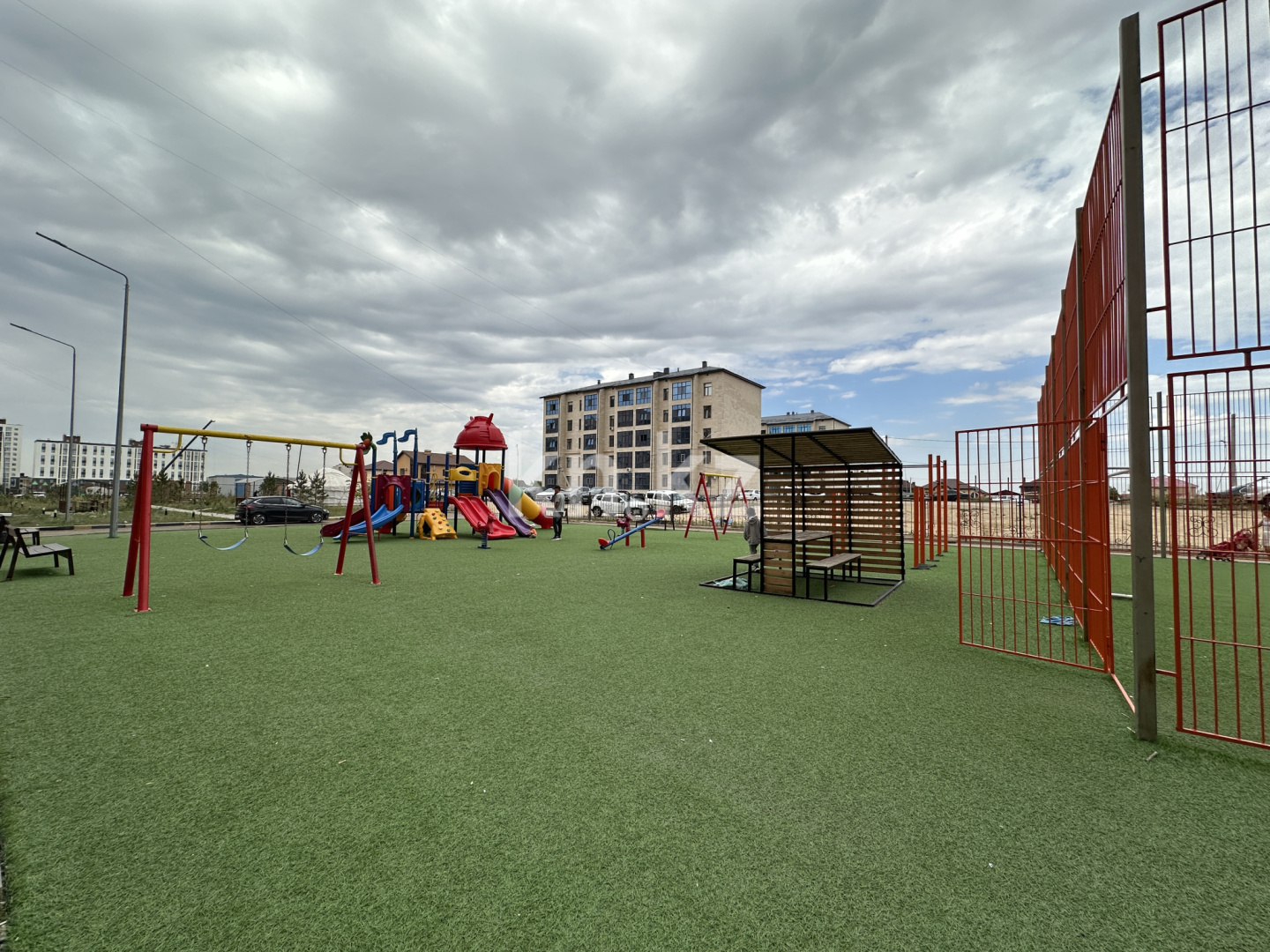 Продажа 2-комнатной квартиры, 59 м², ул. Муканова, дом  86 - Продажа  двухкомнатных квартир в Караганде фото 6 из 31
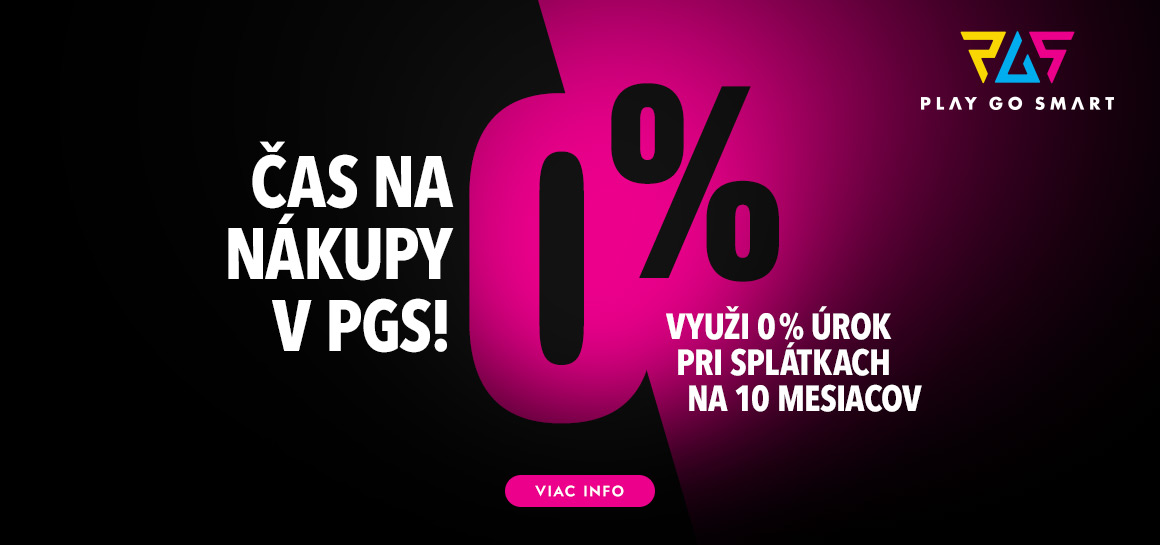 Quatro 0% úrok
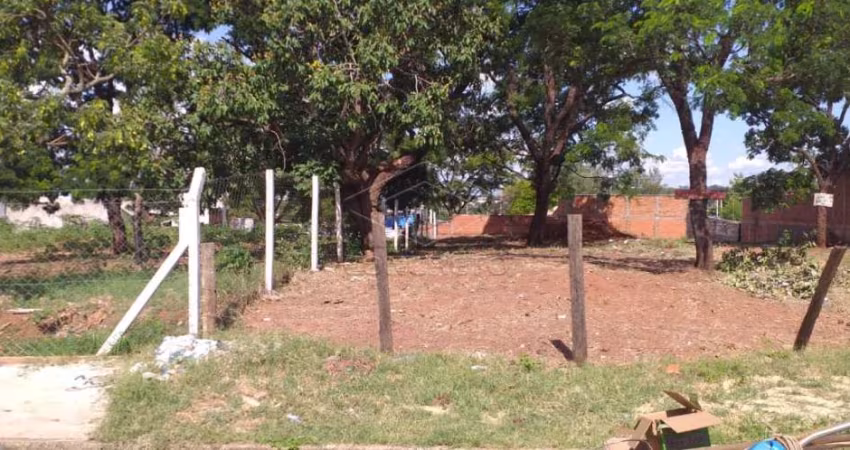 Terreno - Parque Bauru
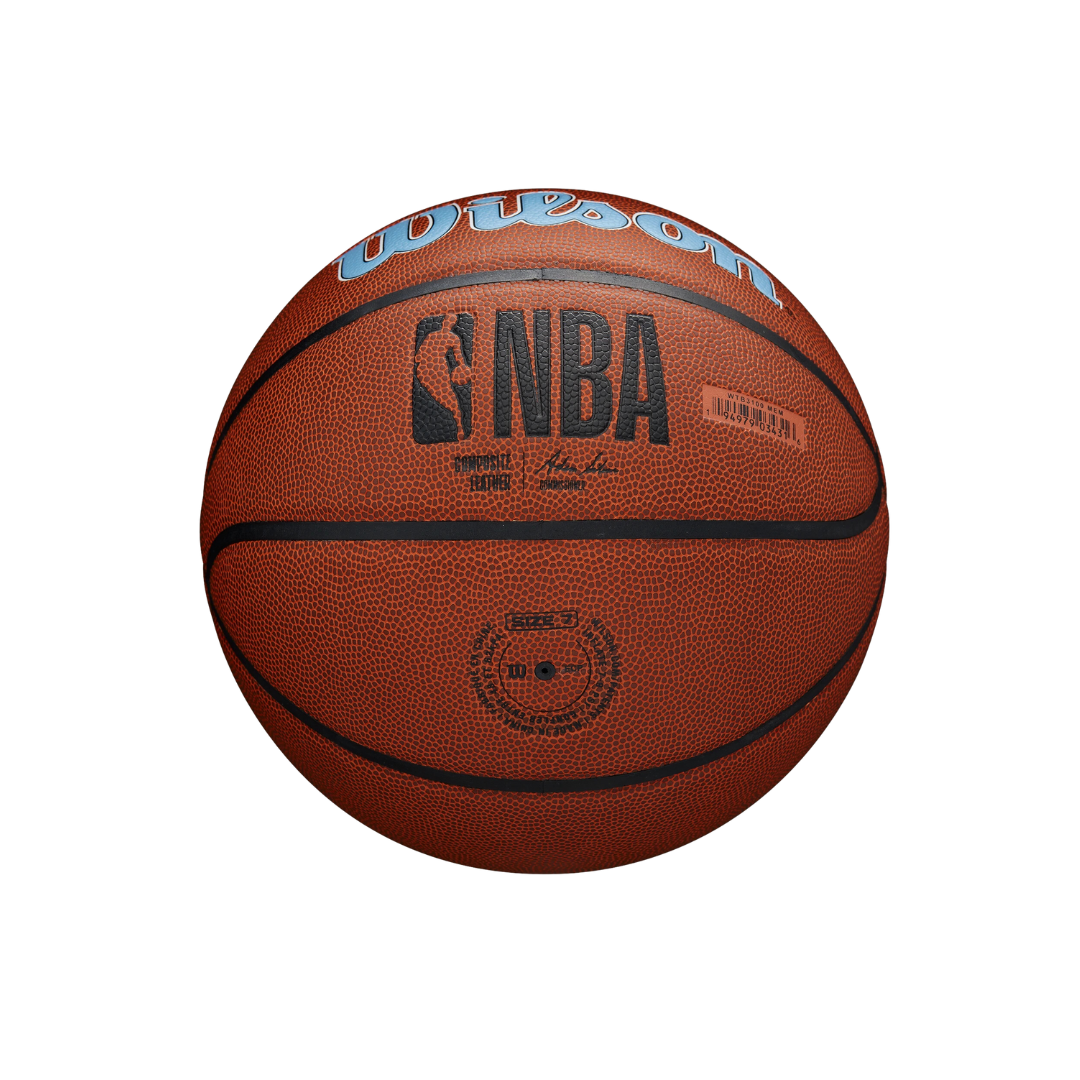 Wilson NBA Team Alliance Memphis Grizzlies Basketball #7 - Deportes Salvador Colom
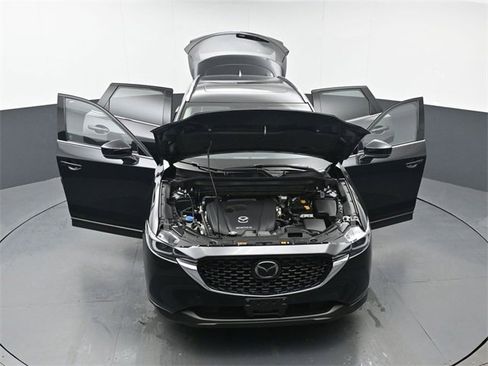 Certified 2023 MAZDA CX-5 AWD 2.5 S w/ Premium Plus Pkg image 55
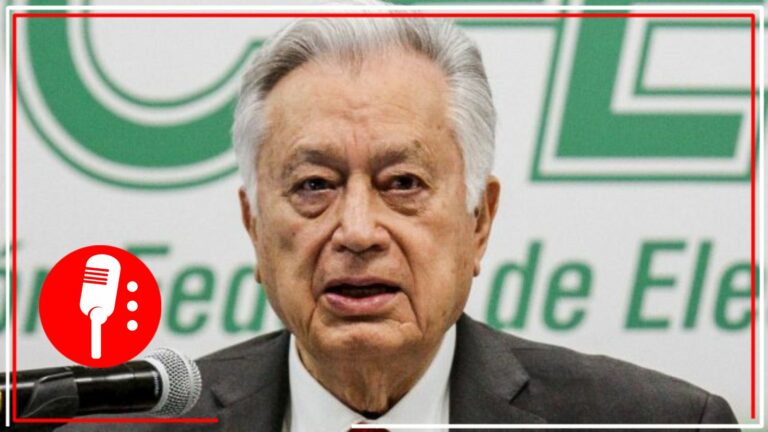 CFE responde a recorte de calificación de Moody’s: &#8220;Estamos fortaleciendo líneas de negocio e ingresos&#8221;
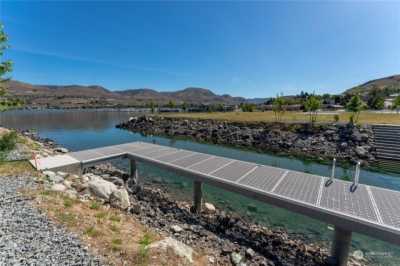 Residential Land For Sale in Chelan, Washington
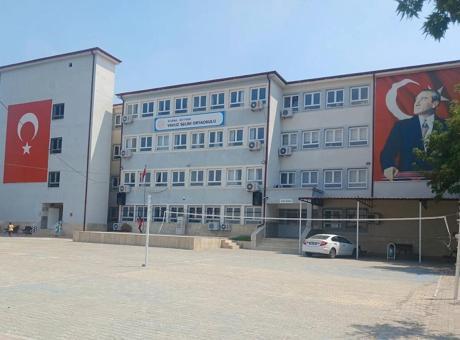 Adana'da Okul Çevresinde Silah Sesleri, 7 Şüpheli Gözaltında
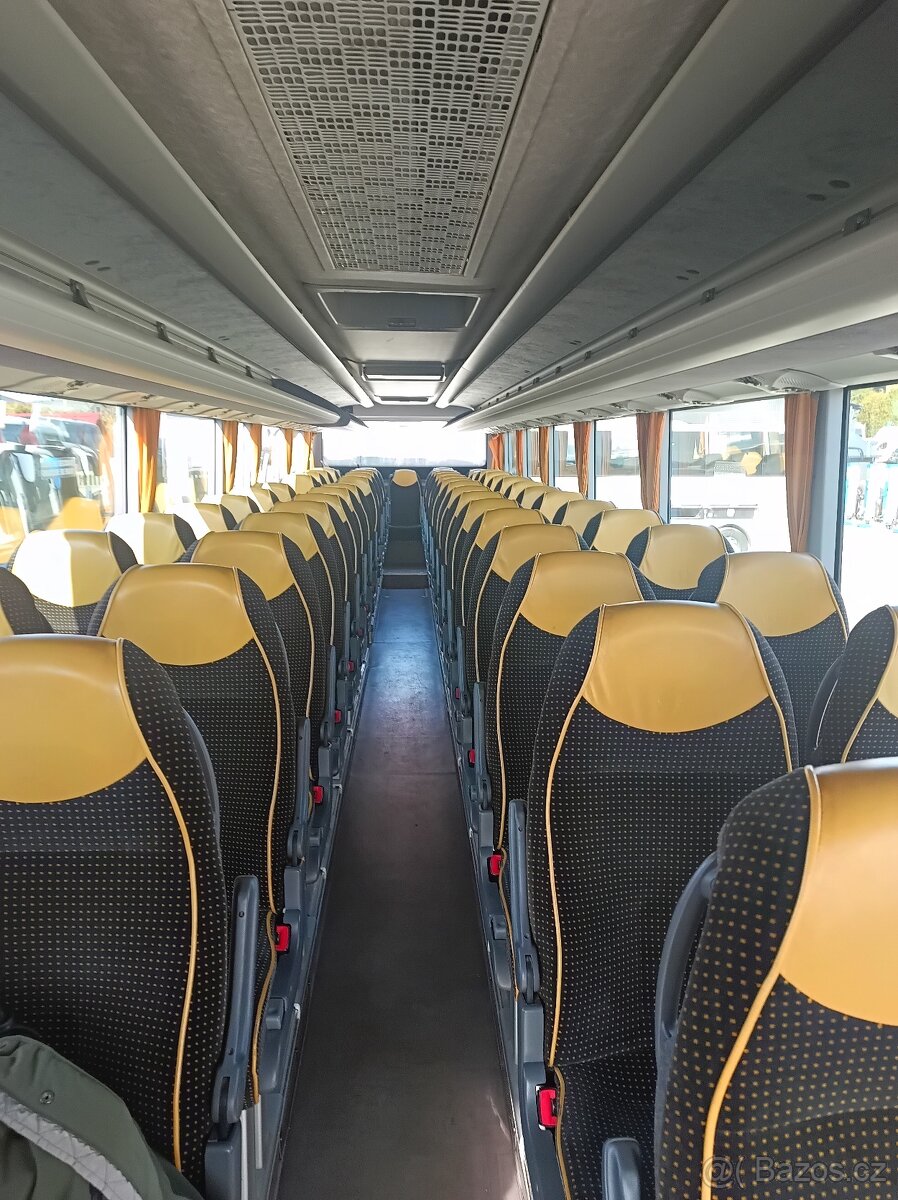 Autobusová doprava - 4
++++++++++
**Task description:** Your output should be the full set of entries above, restated word for word and free of pictures.

**Task answer:**
 Продажа 2-комнатной квартиры, 59 м², ул. Муканова, дом  86 - Продажа  двухкомнатных квартир в Караганде фото 6 из 31
 Quatro 0% úrok
 Terreno - Parque Bauru
 Wilson NBA Team Alliance Memphis Grizzlies Basketball #7 - Deportes Salvador Colom
 Certified 2023 MAZDA CX-5 AWD 2.5 S w/ Premium Plus Pkg image 55
 CFE responde a recorte de calificación de Moody’s: &#8220;Estamos fortaleciendo líneas de negocio e ingresos&#8221;
 Residential Land For Sale in Chelan, Washington
 Adana'da Okul Çevresinde Silah Sesleri, 7 Şüpheli Gözaltında
 Autobusová doprava - 4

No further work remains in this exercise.